Statistics

Introduction to Statistics

Statistics is the science of collecting, analyzing, interpreting, presenting, and organizing data. It helps in decision making using data.

It provides tools to quantify uncertainty, summarize patterns, and draw conclusions about populations from samples.

Two main branches are:

Descriptive Statistics: Summarizes and visualizes data (mean, median, distributions).
Inferential Statistics: Uses samples to make generalizations about populations (confidence intervals, hypothesis tests).

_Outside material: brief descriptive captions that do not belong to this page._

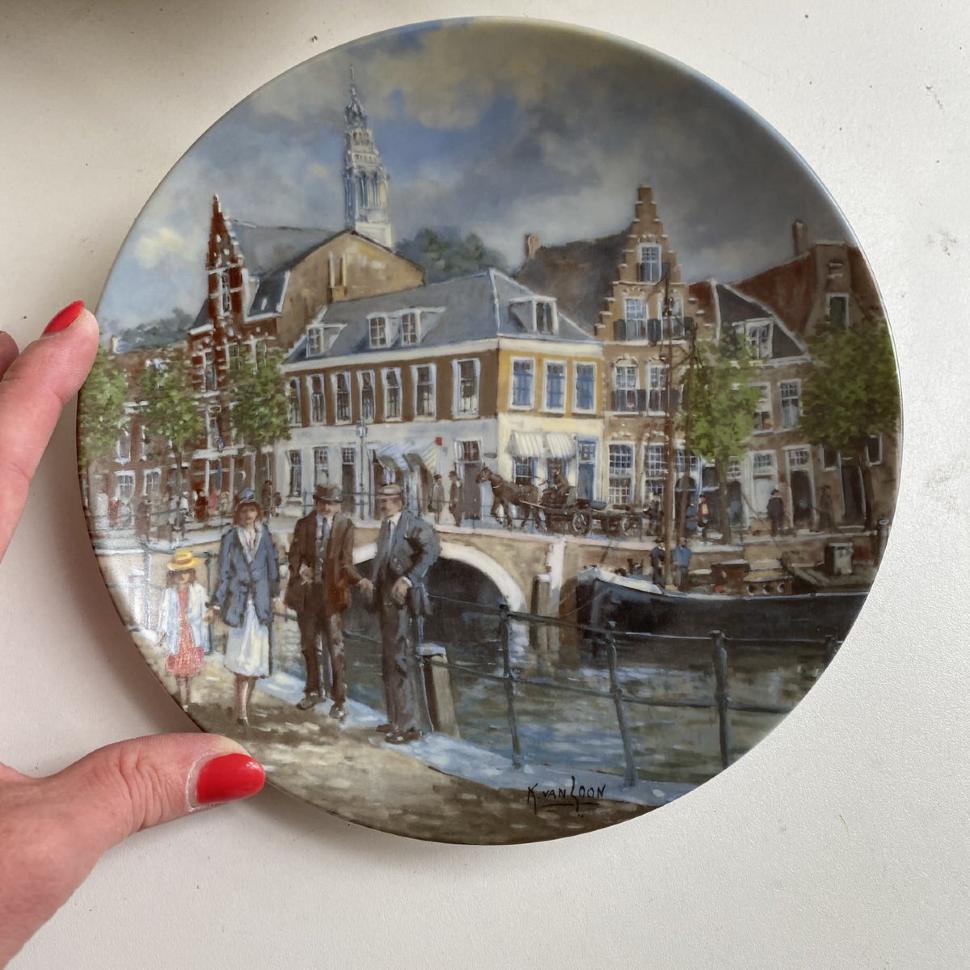 Тарелка номерная 19 см Royal Mosa Grachten van Holland 1990 Haarlem, de Stad aan 't Spaarne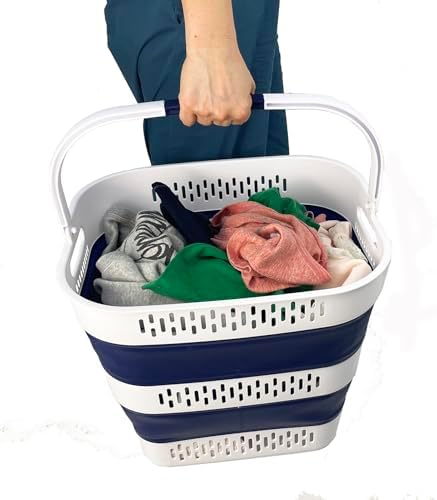 SAMMART 38L (10 Gallon) Collapsible Plastic Laundry Basket - Portable Pop-Up ...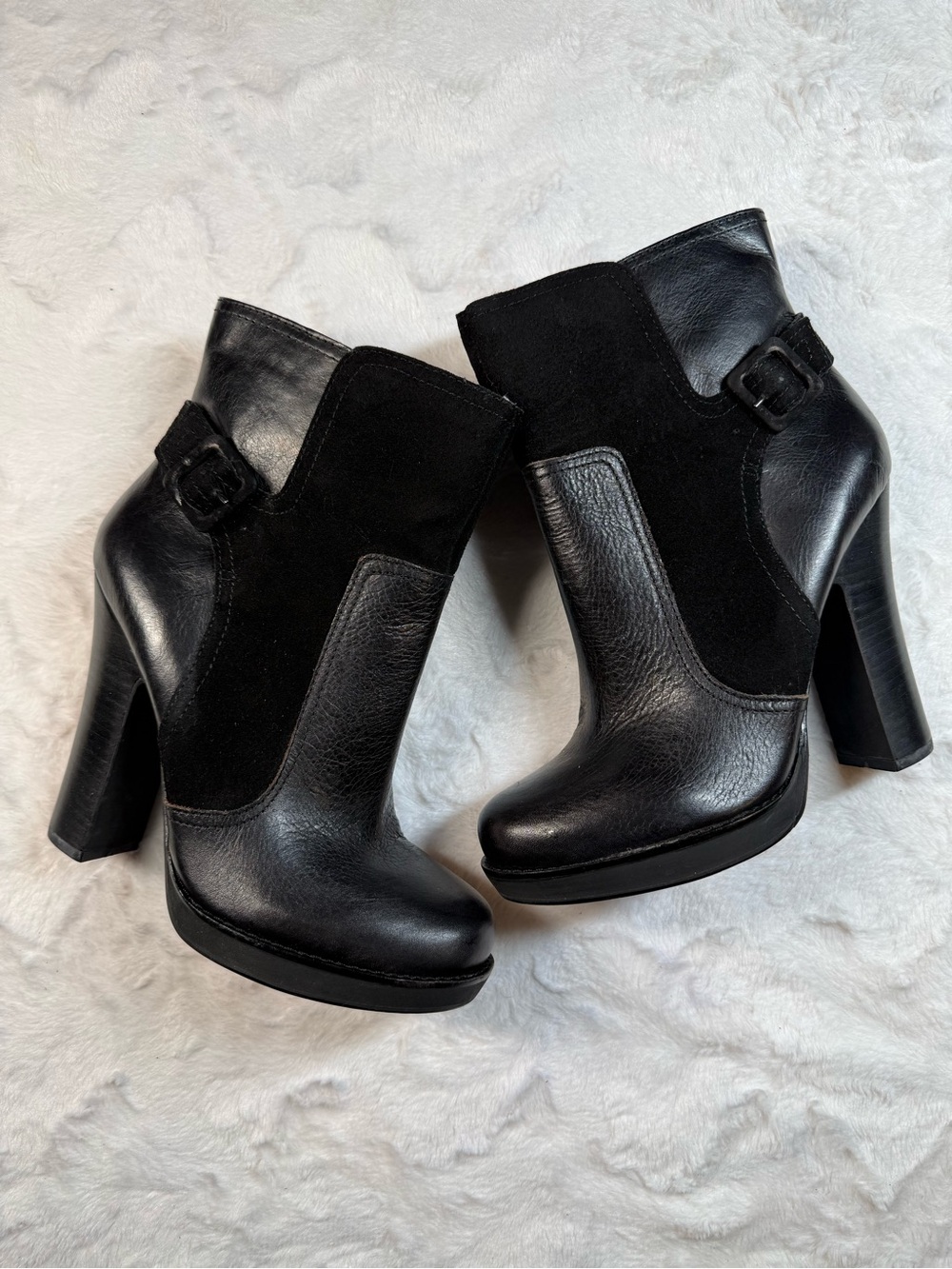 Jessica Simpson Black Leather & Suede Ankle Booties with Buckle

Learning statistics is essential for data analysis, research, and real-world decision making.

Basic Concepts

Types of Data

Qualitative / Categorical Data
Quantitative / Numerical Data
Discrete vs Continuous

Data type determines which statistical methods are valid and how to visualize results.

Measures of Central Tendency

Mean: μ = (Σx)/n
Median: Middle value
Mode: Most frequent value

Mean is sensitive to outliers, while median is robust for skewed distributions.

Measures of Dispersion

Variance: σ² = Σ(x-μ)² / n
Standard Deviation: σ = √σ²
Range: Max - Min

Dispersion measures describe variability; higher variance means data is more spread out.

Probability

Probability quantifies uncertainty and provides a framework for modeling random events.

P(Event) = Number of favorable outcomes / Total outcomes
Example: Probability of rolling a 3 on a dice = 1/6

Key concepts include independent vs dependent events, conditional probability, and Bayes’ theorem.

Probability Rules

Addition Rule: P(A or B) = P(A) + P(B) - P(A and B)
Multiplication Rule: P(A and B) = P(A) * P(B|A)
Complement Rule: P(not A) = 1 - P(A)

Conditional probability is critical in real-world decision making:

P(A|B) = P(A and B) / P(B)
Bayes: P(A|B) = P(B|A)P(A) / P(B)

Statistical Distributions

Normal Distribution

Symmetrical bell-shaped curve, mean = median = mode.

PDF: f(x) = (1/(σ√2π)) * e^(-(x-μ)²/(2σ²))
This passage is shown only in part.